The high level idea would be that when CallDescriptionMap is too simple, allow checkers to create their own events, and register subcheckers into them. This would for instance solve the problem of the unknown callback order of regular callbacks among checkers, which might be a better alternative then leaving this to CheckerRegistry.

Btw I tried to write this comment for literally months now, but I admit that I don't yet the where such a subsystem could be deployed in the already existing checkers. I always think of MallocChecker, but I don't see how we could do it there just yet.

@NoQ, in San José, you mentioned an example with std::set that would really demand a strong checker infrastructure, but I've since forgotten it. Could you explain it again please?

The way I see perhaps we need a 3rd class of checkers (beside super and sub). And that would be those checkers which are not dependent closely on any super checker but they do emit diagnostics. E.g. the PlacementNewChecker is implemented in it's own, it emits some diagnostics, and does not model. However, it depends on MallocChecker's modeling when we are interested in dynamically allocated buffers sizes. Or would you add PlacementNewChecker as MallocChecker's subchecker? That seems a bit overkill to me.

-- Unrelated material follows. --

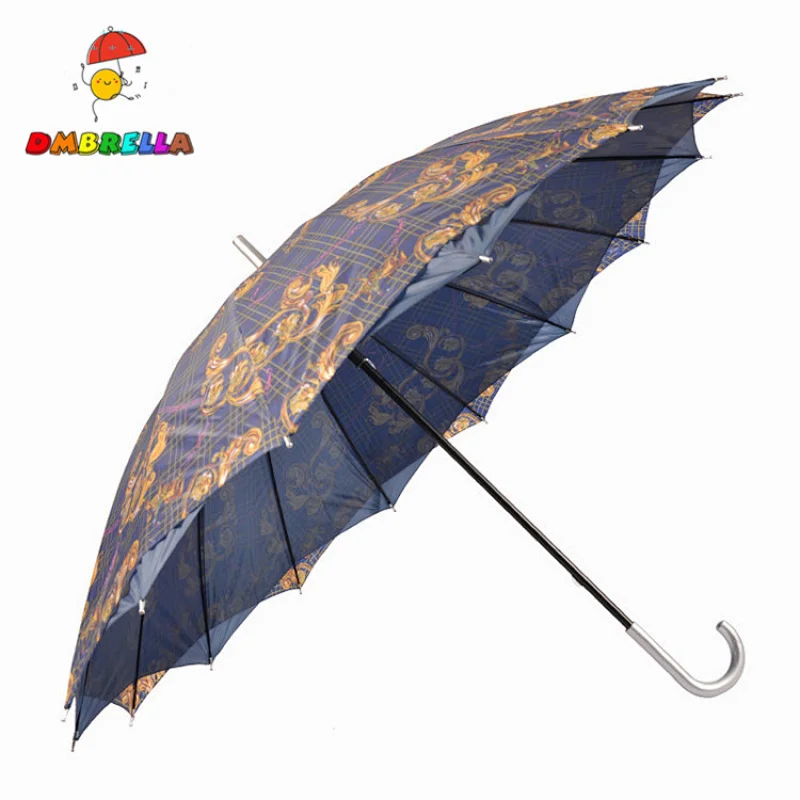 China Product 16 Ribs Promotional Double Layer Straight Umbrella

On the other hand I see that e.g. MallocChecker should have several subcheckers (doubleDelete, etc). And these subcheckers do closely operate on the data stored in their super checker.
(Another approach could be if we have a global data storage where every modeling checker puts its own data, and other checkers can access this, actually Regions is one example to this.)

What is a CallDescriptionMap? Could you please explain further?